Lucid Dreaming & Being “Spiritually Enlightened”

In my life I have probably had 50 people tell me that if you are falling in a dream and hit the ground you will die in real life. I always ask these people how they know this to be true and they almost always reply that they “heard it somewhere.” Well let me tell you, it’s simply not true.

How do I know? I’ve done it. A lot. Actually, back in grad school I began having a series of dream with vampires chasing me. No not the lame twilight teeny-bopper vampires – some really mean ones who wanted to kill me. I have no idea why I had these nightmares – my guess is that I was really stressed out about my coursework.

Normally, the vampires would chase me in my dreams and would annihilate everyone around me. There would be some semblance of a plot going on but the end result was the same… everyone died and then it was just me left. The vampires would come for me and just as they were about to attack me… I’d always wake up.

This happened over and over and over. Until one night, while running from the vampires I spotted a cliff in my dream. Now I had fallen in my dreams many times but I had never hit the ground before. I would, like when the vampires attacked, always wake up just before impact. But for some reason, in this dream when the vampires chased me I went straight for the cliff – and I jumped off.

I started falling… faster and faster. But mid-way through the fall I realized that I was dreaming – but I didn’t wake up. Instead I chose to hit the ground. After all, I at that point knew that I couldn’t die. I hit the ground very hard and dust rose in a puff all around me. I then got right up and remember looking up at the vampires on top of the cliff looking down at me. I was safe.

So, as it happened, every night as I had the vampire dream over and over – I would mid dream realize that it was a dream and find my way out of whatever the specifics of the current predicament was that I was in.

And, after awhile I got tired of running, so I started fighting back. I would drive stakes through the hearts of the vampires (cliché I know) saving my friends and then we’d start off on other adventure.

Eventually, the vampires went away altogether and as I entered my dreams I almost recognized immediately that I was dreaming and began to transform the dreams around me creating environments and situations that were favorable.
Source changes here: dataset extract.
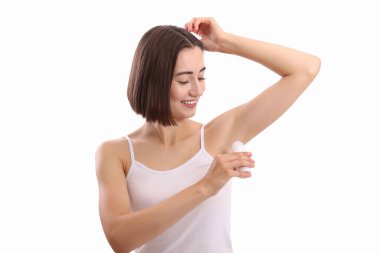 Gülümseyen kadın beyaz arka plana deodorant sürüyor.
If the dream started to take a “wrong turn” I would simply interrupt the sequence and formulate a new path. This was happening virtually every night. After awhile I really started looking forward to going to sleep at night.
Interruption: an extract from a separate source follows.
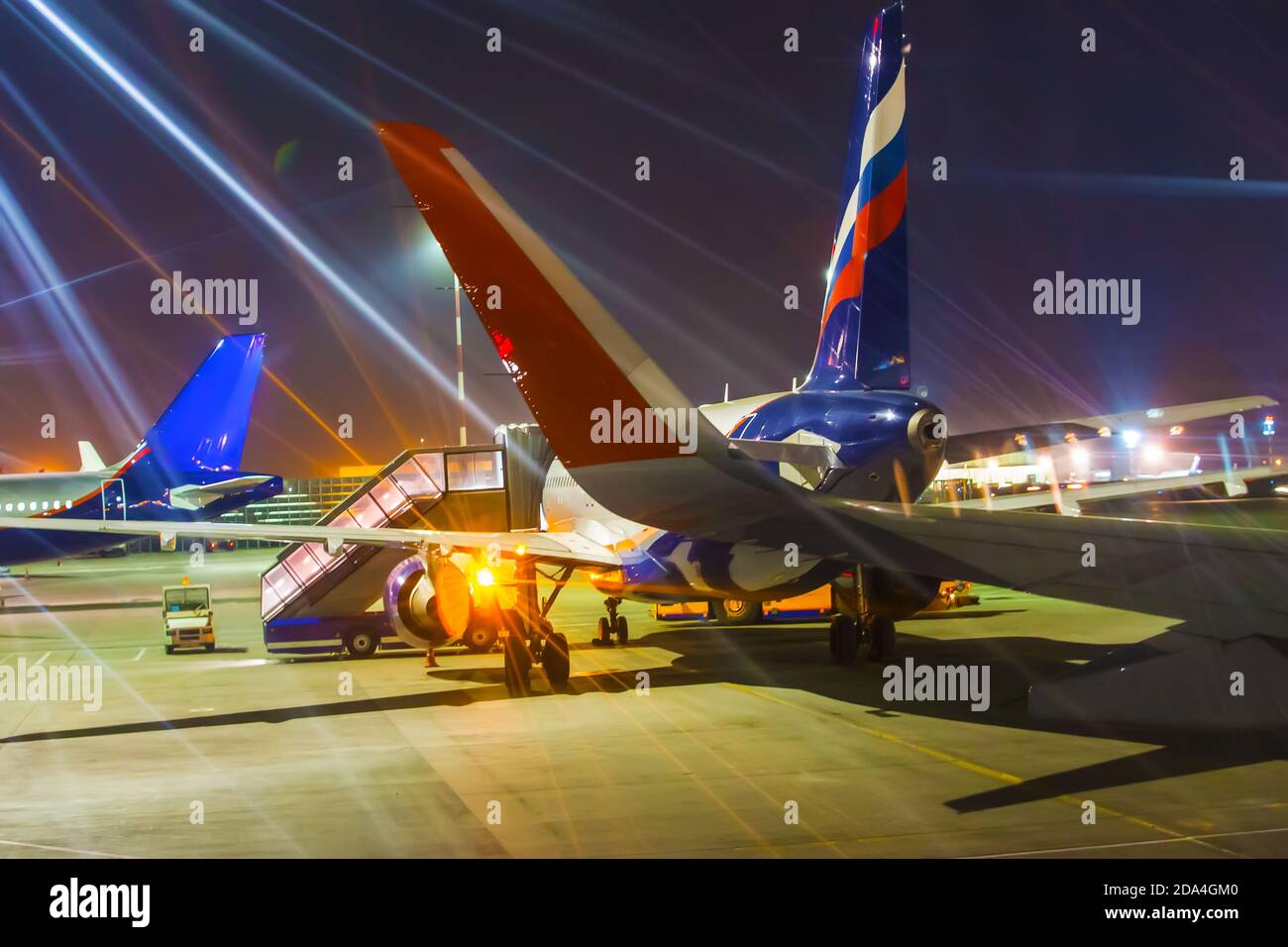 loading passenger aircraft at the airport before departure Stock Photo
As it so happened I later enrolled in a sociology class with Dr. Richard Fenn and the topic of dreaming came up in class. I explained to Dr. Fenn what I had been experiencing and he seemed fascinated by this. He posited that this might seriously be some form of “spiritual enlightenment” that I was experiencing. This was intriguing to me mostly because, while God has certainly blessed me and has helped me to do things outside of my own ability or power, I tend to think of myself as a pretty mediocre human being.

I guess Dr. Fenn’s accuracy in such a statement all depends on how we want to define “spiritual enlightenment”. If by this we mean that I was somehow tapping into an unusual or under-utilized ability that human beings have then sure… I was certainly being enlightened to such an ability. Additionally, the capacity to create (environments and situations) that I was experiencing reminds me of a movie that I would later see and vividly relate to entitled – What Dreams May Come.

I still lucid dream but not all the time like I use to. I have found that several things seem to induce/prevent such a state.

First, I think I only lucid dream when I am in REM sleep and I tend to go into REM sleep more often when I sleep on my stomach. This seems to be the case because when I sleep on my stomach I will often times put my arms under my chest or pillow and when I wake up my arms are completely numb – sometimes unmovable because – the blood has been forced out of them. I postulate that when this happens the extra blood somehow increases my ability to go into a REM state.

I base this on zero scientific merit, only via experience but it seems that almost 100% of the time that I come out of a lucid dreaming state, my arms are numb and I have been in a deep sleep.

Second, I tend to go into REM sleep in the morning just before and after the sun rises. This may sound strange but I can literally feel the pressure increase in my forehead as the Sun comes up. When I awake, the blood comes back into my arms the pressure decreases in my sinus region.

Third, because I have been prone to sinus infections over the years I started taking a prescribed nasal spray before I go to bed during heightened allergy seasons. I never lucid dream when I use the nasal spray which seems to be a result of relieved sinus pressure.

So all this is like a full on double rainbow right? What does this mean? I don’t know for sure, but for me it indicates that our bodies certainly have amazing abilities and potential that we have yet to fully grasp. These experiences for me have further solidified my belief that there is certainly more to life than meets the eye. When I can experience a whole creative/alternative reality that looks, sounds, smells and feels real, while I am sleeping in my current one, it helps to remind me that God’s creation is layers deep with complexity and I am just still on the very front end of its exploration.